Michael Connelly fait depuis très longtemps partie des écrivains les plus prolifiques du roman policier. En moyenne, un voire même deux polars par an. Toute la redoutable efficacité du polar américain incarnée par ce maître du Whodunit qui continue de mettre en scène son personnage fétiche, l'inspecteur Bosch. Qui résout ses affaires avec sa ténacité habituelle, à un an de la retraite. Toute sa vie continue de tourner autour de son travail, Bosch consacre tout son temps et toute son énergie pour trouver des meurtriers, découvrir la vérité, rétablir des injustices. Alors évidemment, il lui reste peu de temps pour s'occuper de sa fille. Mais c'est comme ça, c'est Bosch, et l'on se demande vraiment comment notre inspecteur occupera ses journées lorsque sonnera le glas de la retraite.

Mais en attendant Bosch continue avec acharnement et dévouement à travailler sur des Cold Cases réputés insolubles. Et fait tout son possible pour partager et transmettre sa passion du métier à sa jeune coéquipière, la très prometteuse Lucia Soto, qui semble en tout cas posséder toutes les qualités requises. Dans Mariachi Plaza, le binôme mène de front deux enquêtes distinctes et périlleuses, sur fond de racisme et de magouilles politiques. D'un côté, le mariachi Orlando Merced qui vient de mourir des suites d'une balle reçue dix ans plus tôt. Il s'agit pour nos deux enquêteurs de retrouver la personne qui a tiré cette balle et de rendre justice à la famille du mariachi. De l'autre, un incendie criminel survenu dans le Los Angeles des années 90,  qui a coûté la vie à plusieurs personnes, dont des enfants. Lucia Soto fait partie des enfants qui ont survécu à cette terrible tragédie. Et a soif de justice. Mais d'un côté comme de l'autre, les pistes sont très très minces, mais ne vous inquiétez pas, aucune affaire, si difficile soit-elle, ne résiste au talent du mythique Bosch. Qui s'adapte comme il peut aux évolutions de son métier et de son institution. Mais sa hiérarchie est bien décidée à ne pas lui faire de cadeau, ce monde est impitoyable même pour les inspecteurs chevronnés.
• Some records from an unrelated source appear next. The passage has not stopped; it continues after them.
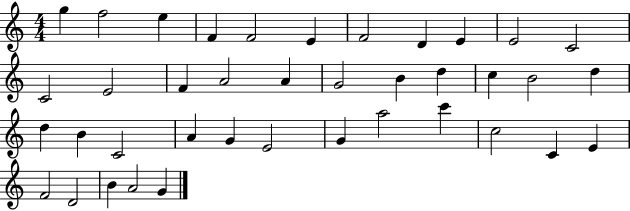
{
  \clef treble
  \numericTimeSignature
  \time 4/4
  \key c \major
  g''4 f''2 e''4 | f'4 f'2 e'4 | f'2 d'4 e'4 | e'2 c'2 | \break c'2 e'2 | f'4 a'2 a'4 | g'2 b'4 d''4 | c''4 b'2 d''4 | \break d''4 b'4 c'2 | a'4 g'4 e'2 | g'4 a''2 c'''4 | c''2 c'4 e'4 | \break f'2 d'2 | b'4 a'2 g'4 | \bar "|."
}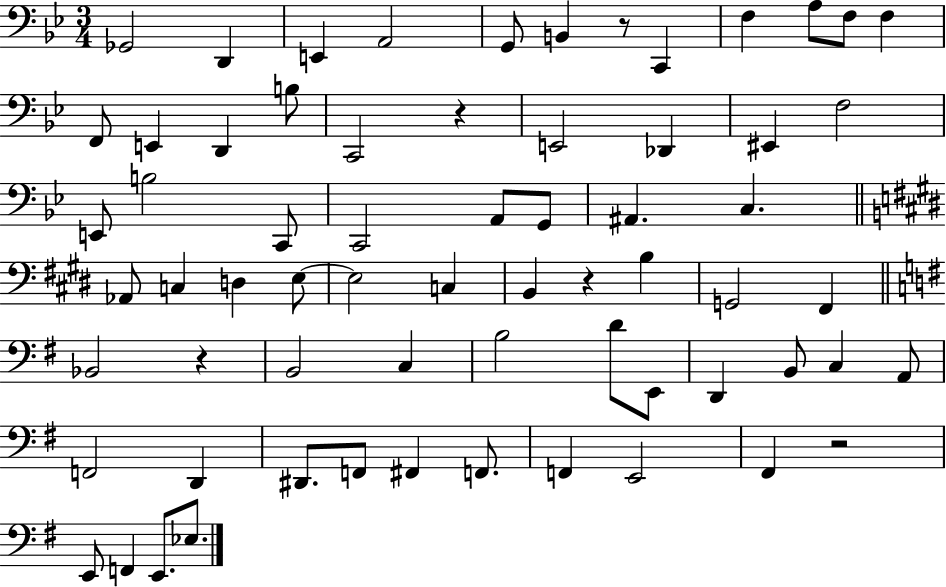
Gb2/h D2/q E2/q A2/h G2/e B2/q R/e C2/q F3/q A3/e F3/e F3/q F2/e E2/q D2/q B3/e C2/h R/q E2/h Db2/q EIS2/q F3/h E2/e B3/h C2/e C2/h A2/e G2/e A#2/q. C3/q. Ab2/e C3/q D3/q E3/e E3/h C3/q B2/q R/q B3/q G2/h F#2/q Bb2/h R/q B2/h C3/q B3/h D4/e E2/e D2/q B2/e C3/q A2/e F2/h D2/q D#2/e. F2/e F#2/q F2/e. F2/q E2/h F#2/q R/h E2/e F2/q E2/e. Eb3/e.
Je trouve que globalement Michael Connelly parvient à maintenir une bonne qualité au niveau de ses productions. Pour moi, seuls les trois opus suivants se situent un ton en dessous de ces autres productions:  Wonderland Avenue, Echo Park, et Darling Lilly. Et encore, on ne peut pas parler de déceptions, puisque je les ai quand même terminés. Mariachi Plaza est un très bon cru, c'est une mécanique de précision parfaitement huilée, du cousu main pour les amateurs de romans policiers classiques et réalistes. Tout y subtilement et efficacement contrôlé de la part d'un auteur confirmé qui maîtrise totalement son art. Deux enquêtes rondement menées et pleines de rebondissements vous attendent. Au final, un très bon whodunit fort bien documenté et le portrait lucide d'une société américaine inégalitaire qui n'échappe pas aux magouilles politiques et au racisme. 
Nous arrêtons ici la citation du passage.